Upward Bound supports students over the summer

by Hector Arzate
Flapjack staff

While many have argued that Trump’s policy agenda could negatively affect the lives of all Americans, the Center for American Progress found that his budget would harm employment, health, education, housing, and safety services for most rural communities, small towns, and tribal nations. It’s likely that a cut to these services would have an immediate impact on the local community in Humboldt.

As one of the oldest TRIO programs in the state of California, Upward Bound at HSU has served six different high schools in the local area of Humboldt and Trinity County for almost 50 years, including Arcata High School, Hoopa Valley High School and Trinity High School.

Leo Canez, the Academic Coordinator of Upward Bound at HSU, outlined what students are able to do during their pre-college experience.

“We have the summer academy, a residential experience here at Humboldt State University,” Canez said. “About 35 students live in the residential dorms for five weeks, beginning at the end of June and going all the way until the end of July. They study Shakespeare for their literature course, they have a composition course, a math course and this year they’re studying entomology for their science course. They also have different electives offered. This year we have Greek and Latin origins, street art, self defense and acroyoga.”

Although the proposal’s name is meant to signal change for greatness, some would argue that a 15 percent cut to the Dept. of Education is a far cry from prosperity. The aptly named “America First: A Budget Blueprint to Make America Great Again” outlines budget cuts to several U.S departments for the fiscal year of 2018, including the Dept. of Education.

The Council for Opportunity in Education estimates that the proposed budget cut would result in a $92 million or 10 percent decrease in funding for TRIO for the fiscal year of 2018-2019, which would effectively eliminate services like Upward Bound for nearly 83,000 students.

While it certainly has an emphasis on the academics, UB tries to create a more well rounded experience for students to have fun, while learning how to be responsible scholars.

“With this program, we have a lot of social activities on the other side of the academics,” Canez said. “We go camping on the Klamath River, we have a masquerade ball, ice cream social, casino night, all these different activities on the weekends and the evenings because they’re here the entire time. So they have to balance, if there’s a swim night happening but they also have homework, they have to take care of it first.”

Harrel Deshazier, psychology major, and former Upward Bound resident mentor, found that he was able to provide multiple sources of support for his students and be a part of rewarding experience for both himself and his students.

“We’re not just doing academic stuff,” Deshazier said. “I’ve never done that many things in a summer, ever in my life.
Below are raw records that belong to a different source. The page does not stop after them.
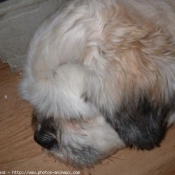 Photo de Lhassa apso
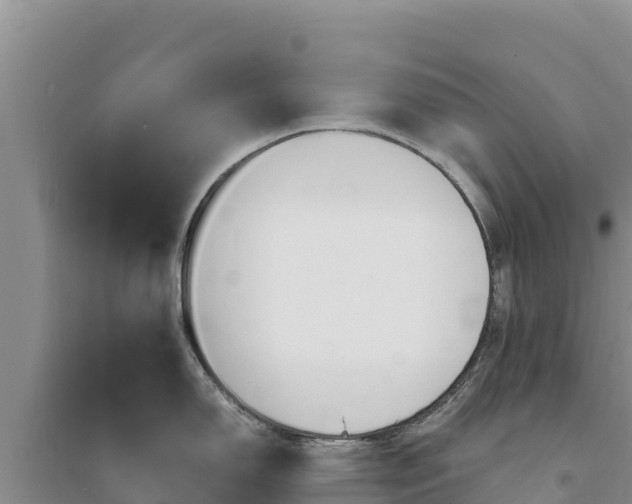 X0000094341150200711091423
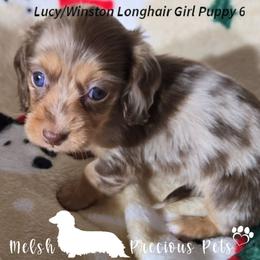 Puppy 6 (Girl 4) - Dapple female Dachshund puppy in Anamosa, Iowa from Melsh Precious Pets
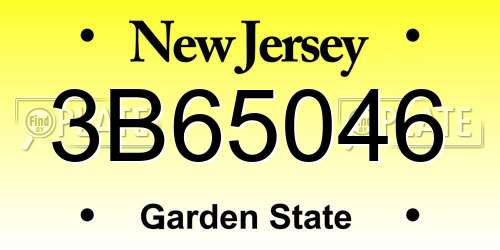 3B65046 New Jersey License Plate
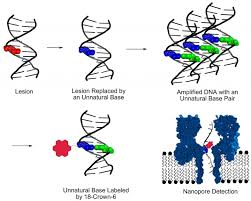 Chemists Discover New Way To Detect Dna Damage Dna Dna Genetics Mutation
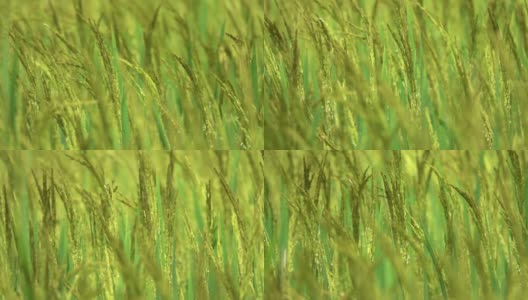 MACRO, DOF:准备收割的绿色水稻的详细视图，在风中沙沙作响。高清在线视频素材下载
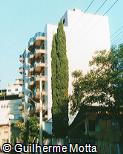 Cupressus sempervirens
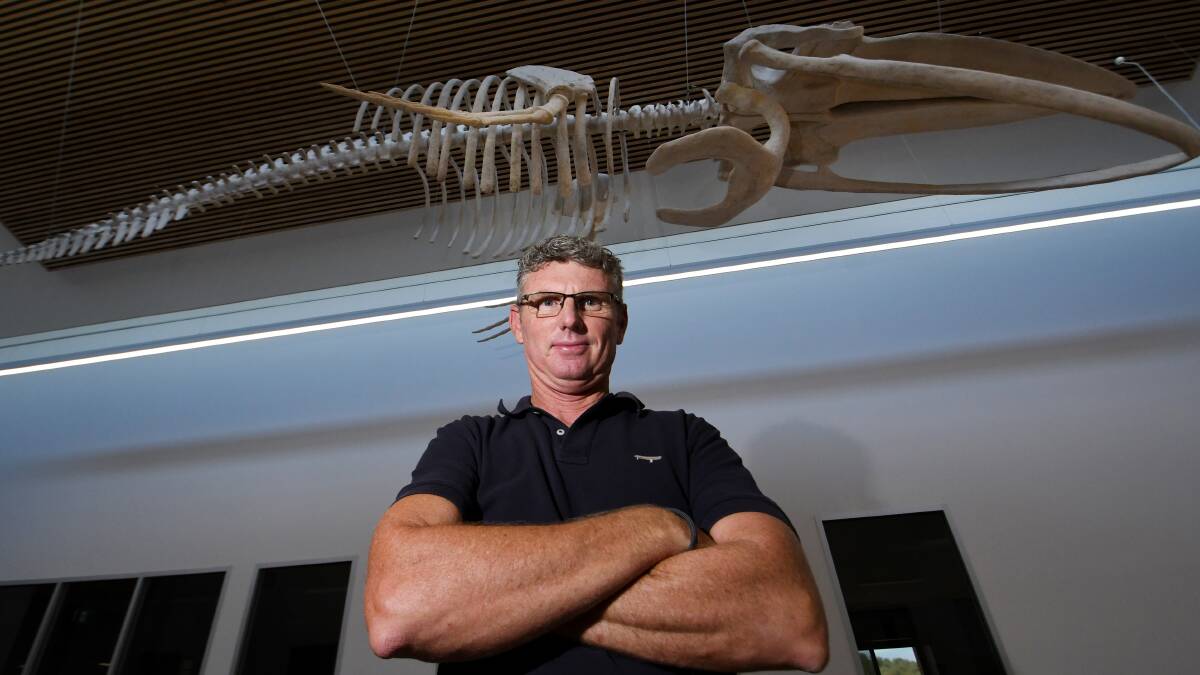 WHALEY COOL: Calrossy Anglican School science and engineering teacher Todd McDonald with the replica blue whale skeleton. Photo: Gareth Gardner 120121GGB01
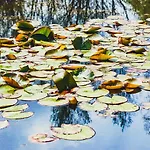 Hotel Domaine Les Saules Restaurant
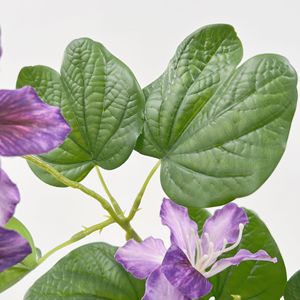 Flores Artificiales de Bauhinia, Rama Individual de Seda, Alta Simulación, Decoraciones para Bodas, Accesorios de Decoración para el Hogar - Product Image 3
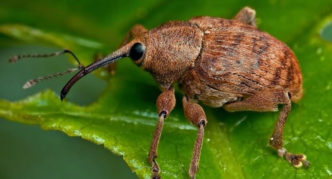 Cherry weevil on a plant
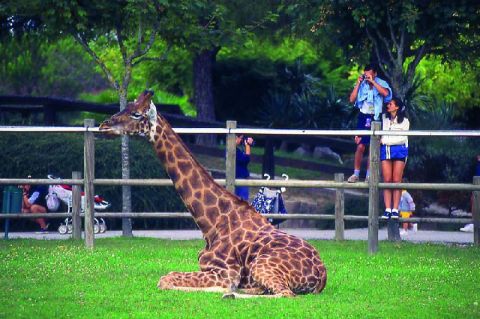 Parco Zoo Punta Verde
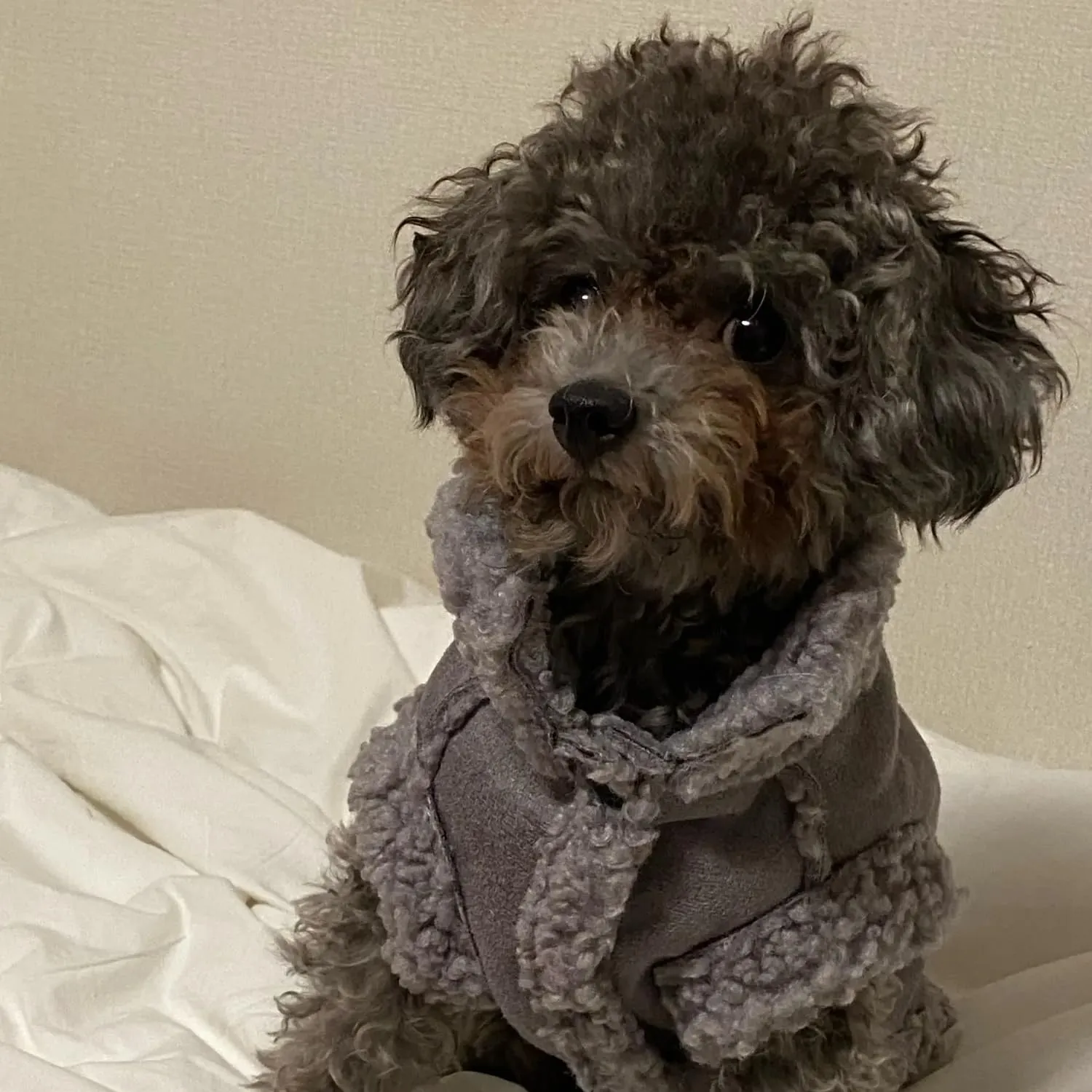 Cappotto Invernale per Cani,Giacca per Cani,Abbigliamento per cani con D Anello,Vestiti Dell'animale Domestico,Giacca per Cani in Morbido pile per Cani di Taglia Piccoli Media e Grande(Grigio,L) - immagine 8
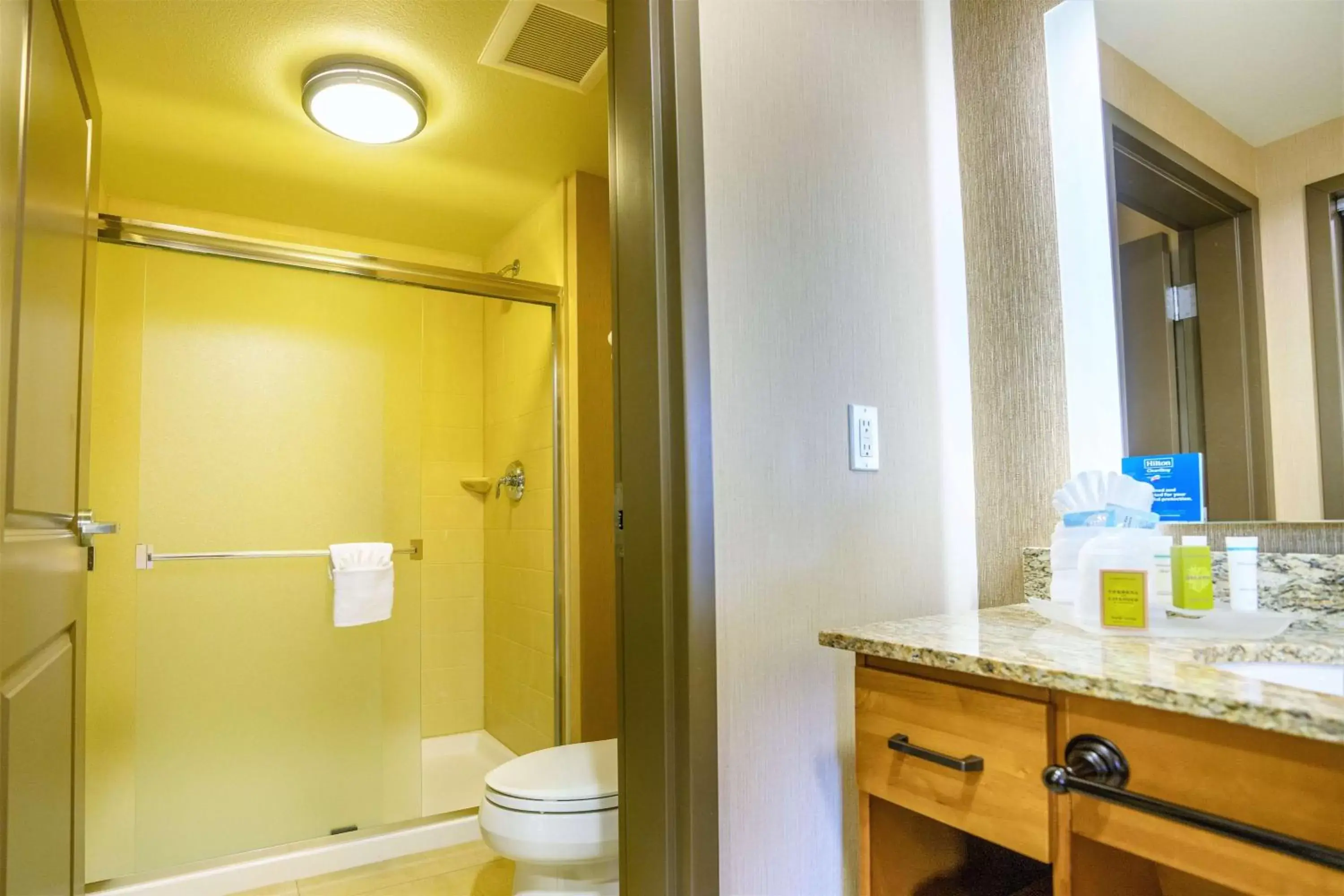 Bathroom in Homewood Suites by Hilton, Durango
We went camping, on picnics, we went to Oregon for the Shakespeare festival. It was so great because all of them were into it… It just goes to show that underrepresented populations really have so much ability, it’s just the access.”
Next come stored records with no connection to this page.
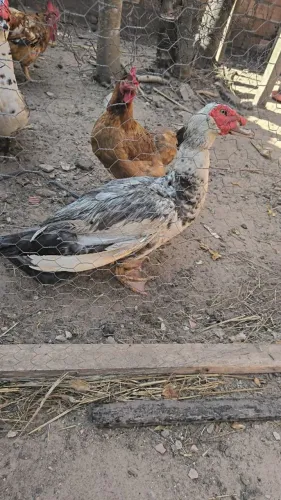 Vendo Pato 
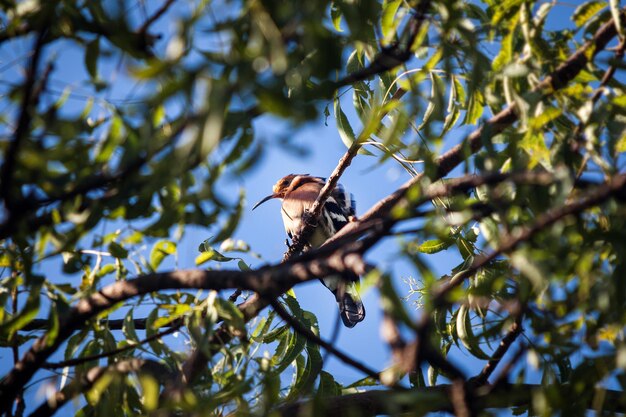 Low angle view of bird perching on tree against sky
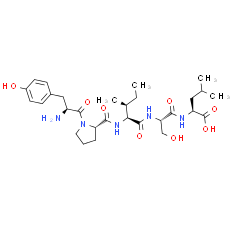 Gluten Exorphin C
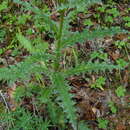 Image of Cirsium acrolepis (Petr.) G. B. Ownbey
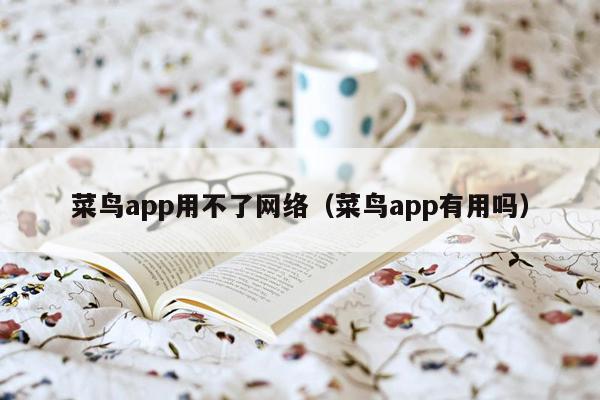 菜鸟app用不了网络（菜鸟app有用吗）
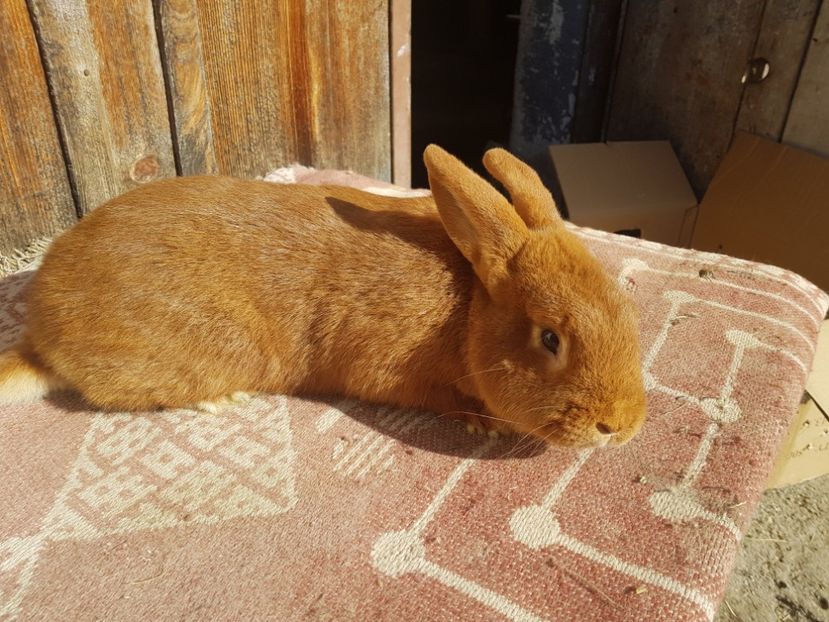  - 00 Poze iepuri februarie 2019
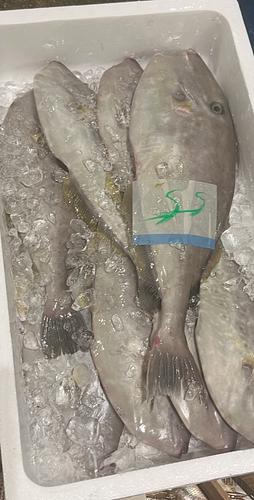 ウスバハギ900g5入約5kg(定置)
In order to prepare disadvantaged students, UB aims to bridge the gap that first generation students students have to deal with before arriving as college freshmen.

“They come from families that are low income and neither parent has a four year degree,” Canez said. “So they’re low income, first generation and there aren’t very many resources out there at these schools to provide students with information that they need for things like A-G requirements, SAT/ACT prep, making sure that they choose the right classes, and manage their time. I think that’s one of the biggest things, students being able to manage their time, especially when you come from communities where the kids have a lot of adult responsibilities.”

As a local student at Hoopa Valley High School and alumnus of the TRIO program, Canez always had a natural sense of curiosity and want to learn, but didn’t really value education.

“If it wasn’t for Upward Bound I wouldn’t be where I am today,” Canez said. “My mom finished the sixth grade before she stopped going to school and my father almost finished high school but he had to go to Vietnam. He didn’t finish school, he actually went into the military. They didn’t really excel in school and I didn’t have role models within my own home. As I grew up, they split up and between my third grade year to my freshman year in high school I went to 18 different schools. My goal was to drop out my sophomore year and become a mechanic, that’s all that I saw for myself and my future. I didn’t have anybody in my family who went to college or had any kind of experience with it, so I didn’t think that it was an option for me.”

Despite all impediments along the way, however, Canez began to value learning even more and found that there were more options than he could ever imagine.

“After my freshman year, I was living with a cousin in a laundry room,” Canez said. “I had a thin, little mattress on the floor where they moved the washer and dryer out and the roof would be leaking. When the Upward Bound staff came to my school and said I had to take classes, it wasn’t a big deal for me because I liked learning. But the kicker for me was that I would have a bed, three meals a day, and all I had to do was some school work over the summer and it would be a safe place to be. So that was a no brainer for me.”

While Canez’s story is unique, it’s a similar story that many students from a first generation, low-income background who come through the UB program share.

“We have the saying that, ‘UB lets you be you,’” Canez said. “It allows you for the first time to truly be who are and that’s what this program is all about… You’re surrounded by adults who want to help you realize your dream and we’ll do everything we can to help you figure out what that is. The entire staff, from the mentors to teachers to the administrative staff, we find out what seed is there in each one of our students’ heart and help it flourish.”

More fixes needed for HSU student housing insecurity

By Maddy Harvey
Flapjack staff

College can be one of the most stressful time in a person’s life due to all the deadlines, classes, debt, and everything in between. However, many students have another thing to add to the stress of college, and that’s being homeless.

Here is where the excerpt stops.